India's challenge is managing immediate disruptions while positioning for long-term gains

- Rhik Kundu & Gireesh Chandra Prasad

Washington's latest tariff salvo could not just exacerbate a trade war, but also disrupt currency markets, capital flows, and corporate strategies worldwide. While India, which saw 27% additional import tariffs being imposed, faces fresh challenges, the shift may also provide it with unexpected opportunities in an evolving global trade landscape, according to industry executives and experts.

The tariffs provide India with greater clarity on sectoral impacts and corporate cash flows. However, Indian businesses must now shift focus from cost competitiveness to innovation, said Sachchidanand Shukla, group chief economist at Larsen & Toubro.

"The INR (Indian Rupee) could remain under pressure with a global risk-off, but the bigger risk to monitor is any aggressive yuan devaluation—that will be the joker in the pack," Shukla said.

With increased reciprocal tariffs across the board, experts said that imports of commodities into the US would suddenly become costlier, leading to an adverse impact on demand within the US economy. That could, in turn, lead to an economic slowdown, if not a recession, and not just in the US.

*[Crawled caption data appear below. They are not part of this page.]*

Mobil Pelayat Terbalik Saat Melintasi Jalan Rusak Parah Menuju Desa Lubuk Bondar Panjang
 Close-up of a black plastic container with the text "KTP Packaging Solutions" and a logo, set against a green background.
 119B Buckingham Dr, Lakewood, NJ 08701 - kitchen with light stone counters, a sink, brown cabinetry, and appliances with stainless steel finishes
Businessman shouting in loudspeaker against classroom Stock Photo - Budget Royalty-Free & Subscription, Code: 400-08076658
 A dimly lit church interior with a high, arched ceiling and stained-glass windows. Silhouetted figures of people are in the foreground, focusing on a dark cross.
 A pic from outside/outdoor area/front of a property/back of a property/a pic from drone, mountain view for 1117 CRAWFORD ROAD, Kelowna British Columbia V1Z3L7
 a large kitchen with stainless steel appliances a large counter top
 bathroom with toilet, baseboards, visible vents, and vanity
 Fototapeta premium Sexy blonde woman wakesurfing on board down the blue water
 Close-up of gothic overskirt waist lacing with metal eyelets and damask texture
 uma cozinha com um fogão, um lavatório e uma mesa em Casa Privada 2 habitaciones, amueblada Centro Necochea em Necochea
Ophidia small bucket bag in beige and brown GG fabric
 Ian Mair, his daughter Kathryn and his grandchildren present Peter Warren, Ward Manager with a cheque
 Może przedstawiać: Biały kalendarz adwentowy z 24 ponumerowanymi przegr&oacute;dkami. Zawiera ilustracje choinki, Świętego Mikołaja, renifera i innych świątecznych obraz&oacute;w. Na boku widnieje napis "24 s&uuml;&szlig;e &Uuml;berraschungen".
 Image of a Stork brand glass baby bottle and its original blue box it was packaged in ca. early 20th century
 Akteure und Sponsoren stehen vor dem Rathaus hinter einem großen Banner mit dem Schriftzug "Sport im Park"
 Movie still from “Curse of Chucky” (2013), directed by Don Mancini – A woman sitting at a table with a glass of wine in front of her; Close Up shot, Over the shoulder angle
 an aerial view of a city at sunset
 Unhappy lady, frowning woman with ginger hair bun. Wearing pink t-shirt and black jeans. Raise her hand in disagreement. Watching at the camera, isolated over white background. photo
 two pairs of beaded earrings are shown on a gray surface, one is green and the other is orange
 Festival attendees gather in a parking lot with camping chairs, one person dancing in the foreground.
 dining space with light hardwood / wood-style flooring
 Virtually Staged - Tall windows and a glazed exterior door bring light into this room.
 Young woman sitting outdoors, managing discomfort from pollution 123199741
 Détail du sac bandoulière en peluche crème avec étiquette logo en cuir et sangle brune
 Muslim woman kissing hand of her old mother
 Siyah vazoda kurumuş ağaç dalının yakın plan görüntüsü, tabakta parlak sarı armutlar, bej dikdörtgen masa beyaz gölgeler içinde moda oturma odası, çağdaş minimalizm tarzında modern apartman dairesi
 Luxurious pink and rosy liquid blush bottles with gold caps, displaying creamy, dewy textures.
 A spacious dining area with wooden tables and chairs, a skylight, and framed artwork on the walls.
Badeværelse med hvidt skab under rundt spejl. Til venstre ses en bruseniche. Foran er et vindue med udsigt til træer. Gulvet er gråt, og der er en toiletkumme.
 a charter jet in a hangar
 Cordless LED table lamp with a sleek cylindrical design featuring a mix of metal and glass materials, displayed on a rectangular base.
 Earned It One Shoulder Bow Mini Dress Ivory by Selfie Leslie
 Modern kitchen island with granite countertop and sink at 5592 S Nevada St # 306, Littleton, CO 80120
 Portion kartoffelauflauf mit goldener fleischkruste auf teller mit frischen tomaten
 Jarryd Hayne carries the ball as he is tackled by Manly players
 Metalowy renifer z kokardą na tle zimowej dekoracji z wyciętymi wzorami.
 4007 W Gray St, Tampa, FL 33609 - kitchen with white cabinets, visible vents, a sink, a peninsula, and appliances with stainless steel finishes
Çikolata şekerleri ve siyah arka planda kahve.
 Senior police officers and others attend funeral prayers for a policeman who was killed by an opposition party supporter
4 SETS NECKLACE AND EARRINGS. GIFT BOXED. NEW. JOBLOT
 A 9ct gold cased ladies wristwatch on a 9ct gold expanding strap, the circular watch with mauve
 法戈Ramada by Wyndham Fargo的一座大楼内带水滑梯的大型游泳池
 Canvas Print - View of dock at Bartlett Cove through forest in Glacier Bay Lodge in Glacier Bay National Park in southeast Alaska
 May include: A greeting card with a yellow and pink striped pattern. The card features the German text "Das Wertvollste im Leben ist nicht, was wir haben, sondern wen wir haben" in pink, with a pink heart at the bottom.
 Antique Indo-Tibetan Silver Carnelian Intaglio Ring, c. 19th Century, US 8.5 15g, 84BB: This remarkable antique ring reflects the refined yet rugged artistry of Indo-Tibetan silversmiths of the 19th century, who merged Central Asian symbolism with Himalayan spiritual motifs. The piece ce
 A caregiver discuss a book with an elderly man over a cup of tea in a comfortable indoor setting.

"Demand for goods produced in various manufacturing countries would also go down," said D.K. Srivastava, chief policy advisor of EY India. "Taken together, the likelihood of an overall global economic slowdown is strong."

The uncertainty is likely to prompt central banks around the world to increase their gold holdings, which could drive a rally on the precious metal that is seen as a safe-haven asset, explained Ranen Banerjee, partner and leader for economic advisory at PwC India.